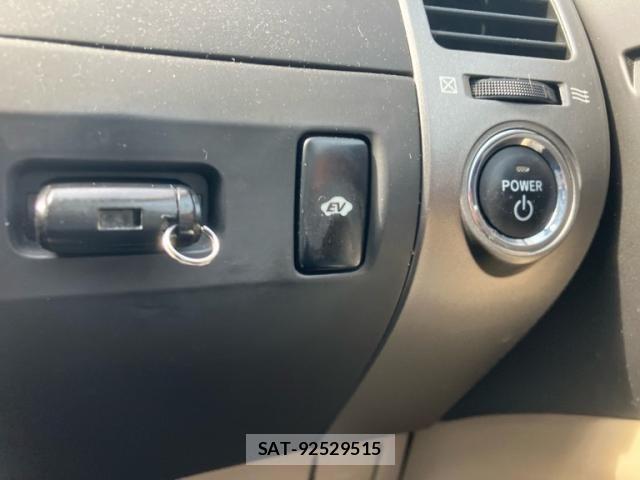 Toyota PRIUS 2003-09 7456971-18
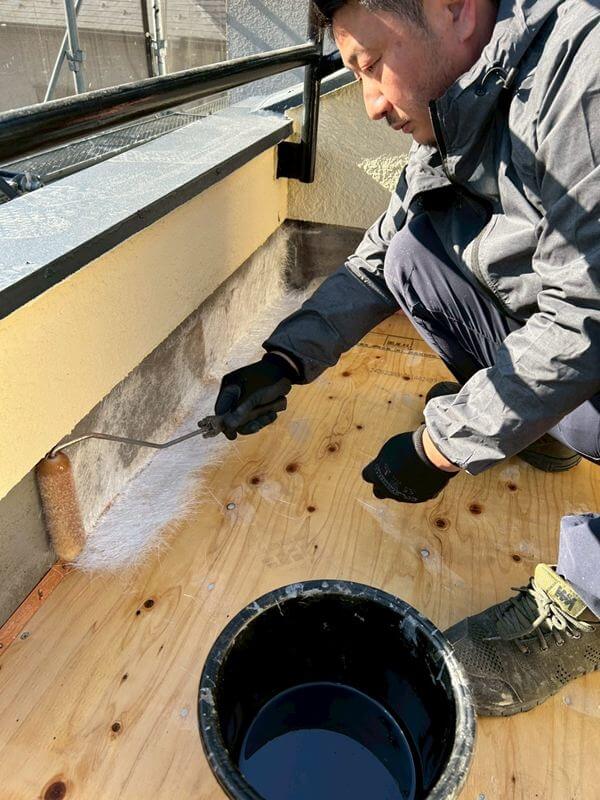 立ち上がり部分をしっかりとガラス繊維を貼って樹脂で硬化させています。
==
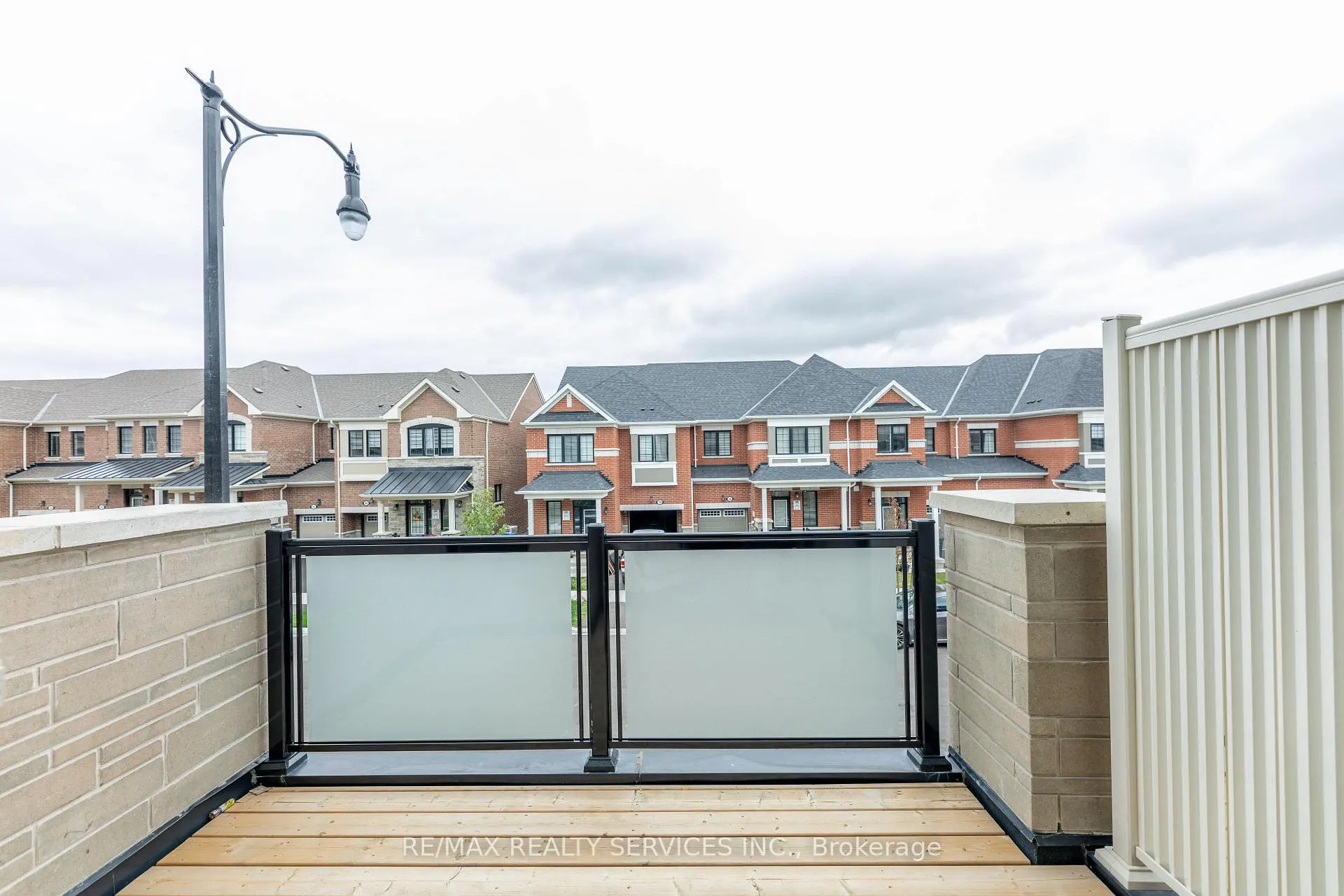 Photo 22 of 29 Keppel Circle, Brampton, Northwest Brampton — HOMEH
--
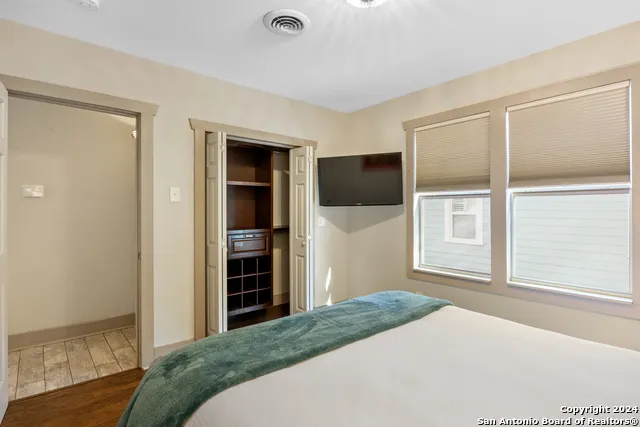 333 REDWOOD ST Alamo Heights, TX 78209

What the task asks —
Using the data above, copy exactly the lines from the one containing "Toyota PRIUS 2003-09 7456971-18" to the one containing "立ち上がり部分をしっかりとガラス繊維を貼って樹脂で硬化させています。", inclusive. Exclude the pictures.

Output below —
 Toyota PRIUS 2003-09 7456971-18
 立ち上がり部分をしっかりとガラス繊維を貼って樹脂で硬化させています。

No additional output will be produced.